** Work to complete **
Print only the lines below, from the very first to the one containing "Model wearing Comfort", exactly as they stand. Do not print pictures.
• • •
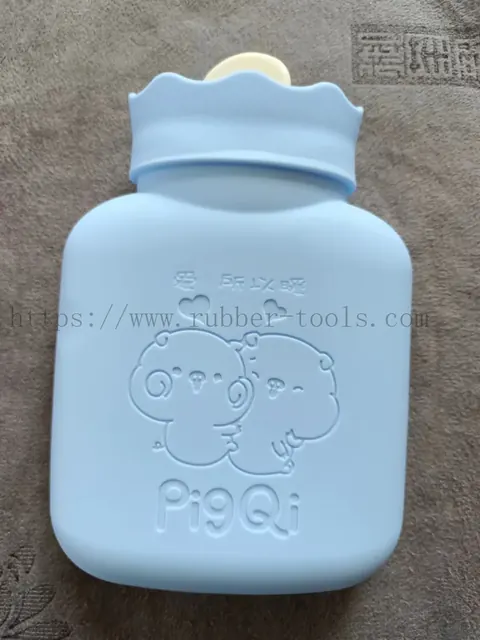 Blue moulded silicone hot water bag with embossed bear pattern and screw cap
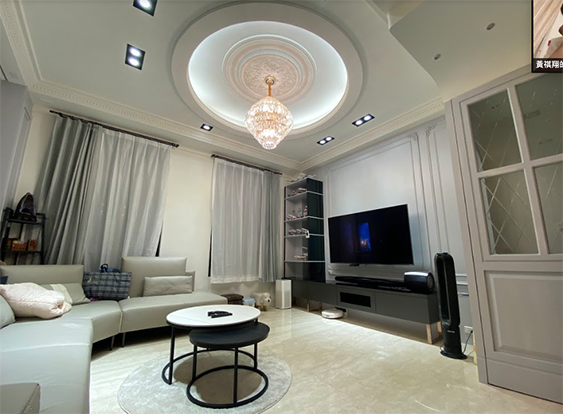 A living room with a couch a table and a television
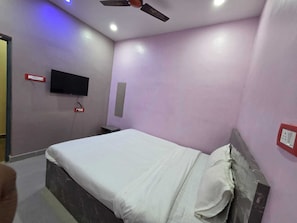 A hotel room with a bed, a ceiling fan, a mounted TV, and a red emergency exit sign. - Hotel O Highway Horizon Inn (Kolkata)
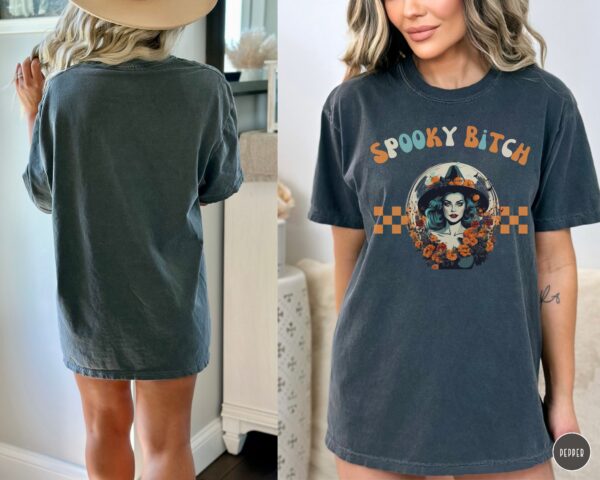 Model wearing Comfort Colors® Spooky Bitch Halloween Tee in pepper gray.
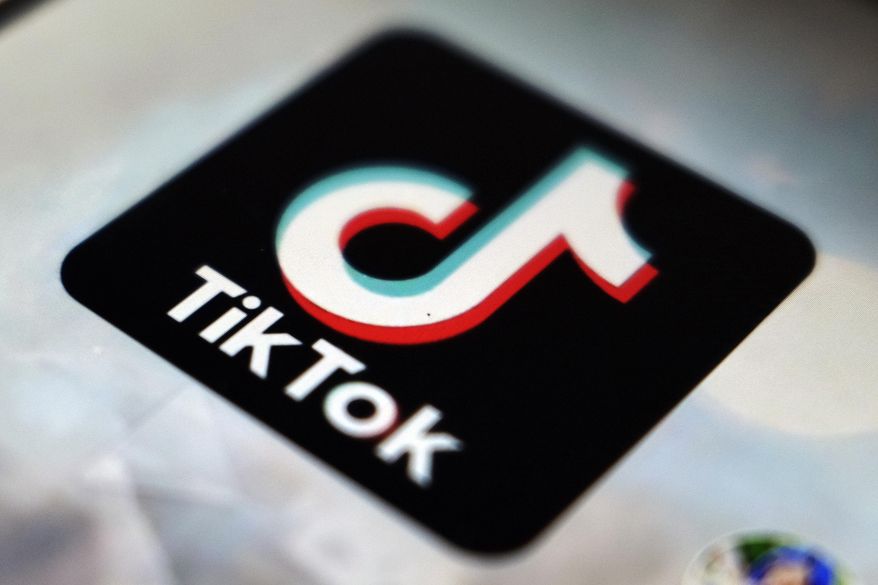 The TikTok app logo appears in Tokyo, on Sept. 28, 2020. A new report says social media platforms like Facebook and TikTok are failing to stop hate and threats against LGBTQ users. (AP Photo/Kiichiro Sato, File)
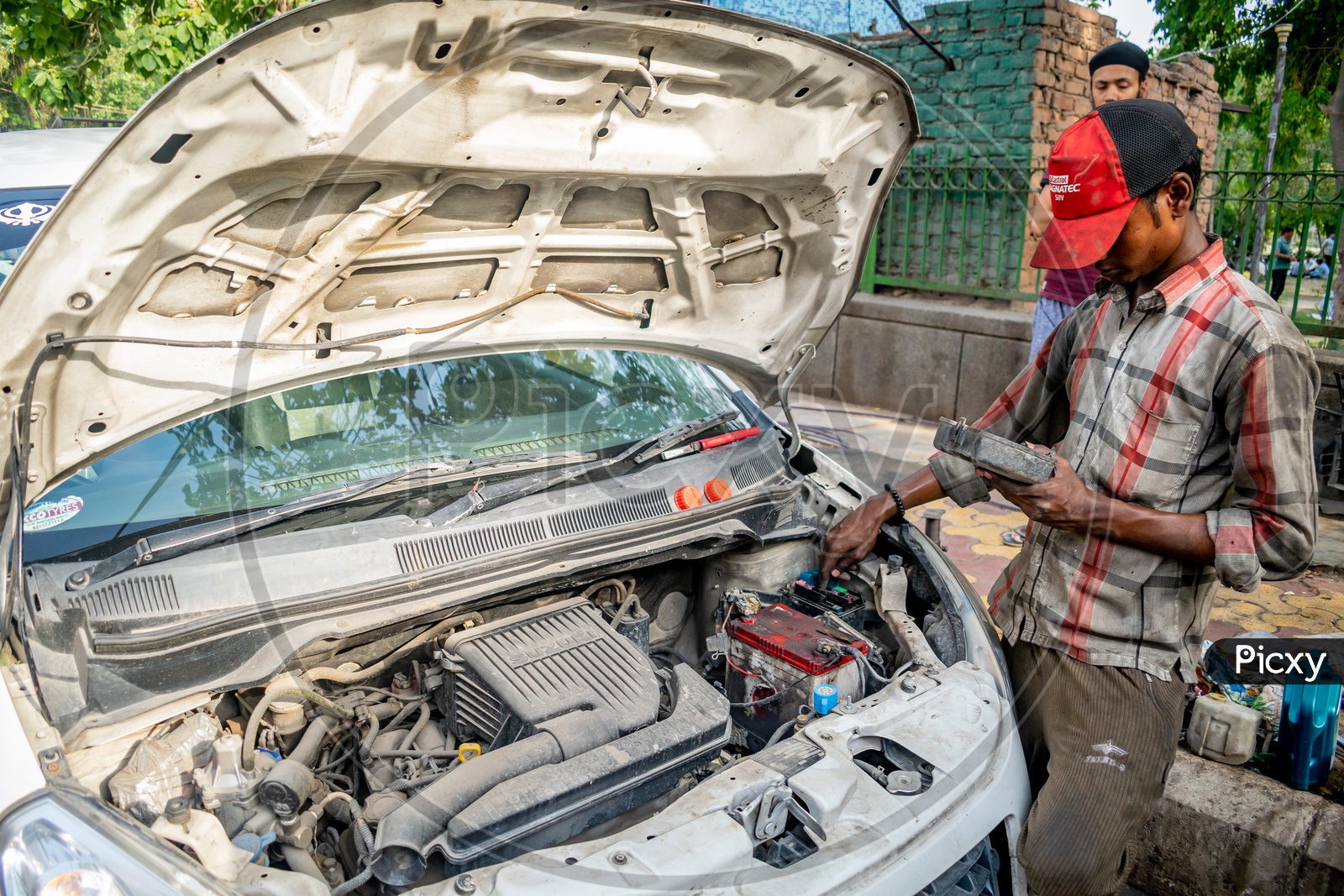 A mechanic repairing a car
• • •
** Written reply **
 Blue moulded silicone hot water bag with embossed bear pattern and screw cap
 A living room with a couch a table and a television
 A hotel room with a bed, a ceiling fan, a mounted TV, and a red emergency exit sign. - Hotel O Highway Horizon Inn (Kolkata)
 Model wearing Comfort Colors® Spooky Bitch Halloween Tee in pepper gray.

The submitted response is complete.